Site information
- Type: Motte-and-bailey
- Condition: Earthworks

Location
- Thurleigh Castle Shown within Bedfordshire
- Coordinates: 52°12′50″N 0°27′42″W﻿ / ﻿52.2138°N 0.4617°W
- Grid reference: grid reference TL052584

= Thurleigh Castle =

Medieval castle in England

Thurleigh Castle, also known as Bury Hills, was a medieval castle in the civil parish of Thurleigh, in the county of Bedfordshire, England.

==Details==
The site is a Scheduled Monument, protected by law and described as Bury Hill Camp: a motte-and-bailey castle with three fishponds. The motte is notable in that it has a top platform on two levels, and the bailey is also of unusual form and is exceptionally large.

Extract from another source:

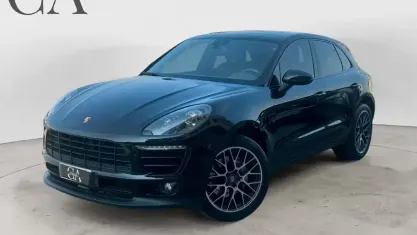 Usata Porsche Macan 250 CV (183 kW) 2015 Other SUV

The motte is an earthen mound, oval in plan, measuring 60m long by up to 40m wide at its base and between 40m long by 20m wide at the top. The higher level is at the north-eastern end and is thought to have held the stronghold. To the south of the motte is the bailey which is irregular in shape and measures 200m by 270m.

Excavations in the 1970s found few remains of the Norman castle, but finds indicated that the site had been occupied in the Iron-Age, Roman and Saxon periods. It has been postulated that the motte and bailey was the easternmost of a line of defensive sites on the upper reaches of the Ouse which extends to Odell. The building of the castle has been ascribed to King Stephen (1135–54). Much of the site has been developed and the scheduled protection applies mainly to the ground underneath. Only earthworks survive today.